HIIT has been known to improve aortic reservoir pressure, which is a measure of aorta’s ability to distribute blood. Decreased aortic reservoir function results in a rise in aortic reservoir pressure that is an independent risk factor of cardiovascular events. People with metabolic syndrome need to take extra care of their heart because they are at a greater risk of developing serious illnesses, including cardiovascular disease. They have three or more of these conditions occurring together: elevated blood pressure, high blood sugar, excess body fat around the waist, and abnormal cholesterol or triglyceride levels.
However, the amount of high-intensity exercise to improve aortic reservoir function has not yet been determined. So, the study’s researchers compared the effect of various volumes of HIIT and moderate-intensity continuous training (MICT) on aortic reservoir pressure in people with metabolic syndrome.
In conducting the study, they recruited 50 people with metabolic syndrome and randomized them into one of the following 16-week exercise programs:
- 30-minute MICT sessions five times a week
- Four by four-minute high-intensity interval training three times per week
- One by four-minute high-intensity interval training three times each week
When the researchers measured the aortic reservoir pressure of the participants after the intervention period, they found that three sessions of four-minute high-intensity exercise each week was enough to improve aortic reservoir pressure. They believe that it may be a time-efficient exercise for reducing cardiovascular risk in people with metabolic syndrome.
With these findings, the study’s researchers concluded that people with metabolic syndrome who participate in at least three sessions of four-minute high-intensity training every week may lower their risk of cardiovascular diseases and keep their heart healthy. (Related: Just a few minutes of high-intensity exercise offers the same benefits as longer workout sessions.)
Metabolic syndrome and lifestyle changes
A review published in The Review of Diabetic Studies has suggested that people with metabolic syndrome should eat less and exercise more to manage their condition. Individuals with metabolic syndrome may benefit from intensive lifestyle changes, such as dietary changes and adopting a more physically active lifestyle, according to studies.
Carried out by researchers from the University of Athens in Greece and the Society for Biomedical Diabetes Research in Germany, the review summarized the role of diet and physical activity on the development of the metabolic syndrome.
In the review, the researchers identified metabolic syndrome is a complex, lifestyle-dependent disease. They reported that it could be treated by incorporating healthy eating and more physical activity as part of their daily lives and be woven into their social life to be effective.
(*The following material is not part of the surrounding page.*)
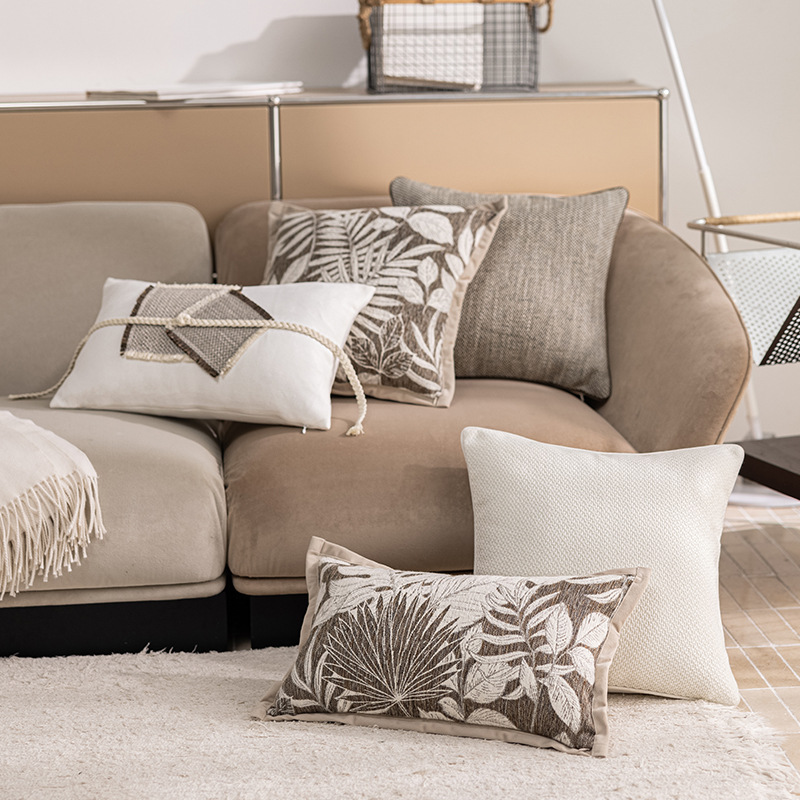 Modern Simple Style Jacquard Pillowcase Hotel B&B Decoration Splicing Pillow Cushion Bedroom Bedside Pillow Wholesale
In addition, the review suggested that health care professionals and society play a role in this metabolic syndrome solution. The review suggested that health care professionals should help people to understand the potential benefits that may result from the introduction of dietary patterns and exercise. They must also support them in adopting and adhering to these behavioral patterns. Moreover, the society, as a whole, should acquire a profound consciousness of the impact of lifestyle factors like nutrition and activity on health.
The American Heart Association (AHA) also recommends people with metabolic syndrome to lose extra weight and keep it off. This will reduce their risk of heart disease. The healthy way of losing weight is balancing healthy eating with a healthy level of exercise.